# Moorhead State looking to start Div. 1 Hockey



## KEN W (Feb 22, 2002)

It looks like Moorhead is looking seriously at starting a Div. 1 hockey progarm.Looking to get into the WCHA in 4-5 years.Will play their games at the UP Center in Fargo.That would be greqat.I think this area could definitely support Dviv 1 hockey.


----------



## HUNTNFISHND (Mar 16, 2004)

They would be a bottom dweller like they are in football.

NDSU should have made a bid for it. But the UP center does not have enough seats to support it IMO.


----------



## zwohl (Nov 9, 2005)

People who think the UP Center cannot support do not follow college hockey.
WCHA arena capacities:
Michigan Tech: 4,200
Mankato: 4,800 
Duluth: 5,233
Others:
Maine: 5,400
Air Force: 2,500
Bemidji State's Field house was 2,500

Not all schools have 10,000 seat arenas, even Boston College is only 7,400. So stop using that as an excuse! NDSU will not get hockey...this is their chance and they are losing out to MSUM. The WCHA guaranteed them acceptance once already and they elected not to pursue it! The WCHA lifted its moratorium because the CHA folded. They will lift it every year or when NDSU thinks they want hockey. The door was open and MSUM wanted to explore the issue. If MSUM gets hockey with a WCHA schedule in the next 2-4 years I will buy season tickets.


----------



## KEN W (Feb 22, 2002)

zwohl said:


> People who think the UP Center cannot support do not follow college hockey.
> WCHA arena capacities:
> Michigan Tech: 4,200
> Mankato: 4,800
> ...


Me to......I don't think they will have a problem selling tickets here.The Fargo/Moorhead/West Fargo has more population than almost all the WCHA schools except for Wisc. and Minn.


----------



## HUNTNFISHND (Mar 16, 2004)

zwohl said:


> People who think the UP Center cannot support do not follow college hockey.
> WCHA arena capacities:
> Michigan Tech: 4,200
> Mankato: 4,800
> ...


So your just happy to watch a mediocre team year in and year out huh?How many great players go to those schools? Great players what to go to great programs and play in front of large crowds. Your not going to win any recruiting battles with the upper teams in the WCHA without great facilities.

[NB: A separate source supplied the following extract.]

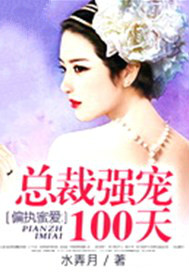 偏执蜜爱：总裁强宠100天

I never said they wouldn't sell tickets or sell the place out, but with only 5000 seats that's not going to make for a winning program IMO!


----------



## TK33 (Aug 12, 2008)

KEN W said:


> It looks like Moorhead is looking seriously at starting a Div. 1 hockey progarm.Looking to get into the WCHA in 4-5 years.Will play their games at the UP Center in Fargo.That would be greqat.I think this area could definitely support Dviv 1 hockey.


IMO MSU Moorhead needs to work on the sports they already have. They rarely recruit from the area in football, their overall facitlities are so so, and they are so locked up by the waste we all know as title 9. Look no further than NDSU, most people are fair weather fans, the football team loses a few and the seats start emptying. I don't buy for a single second that MSUM has the money or the donors to make a hockey program work. Given the economic situation in Minnesota this is interesting to say the least. It would be waste for them to try.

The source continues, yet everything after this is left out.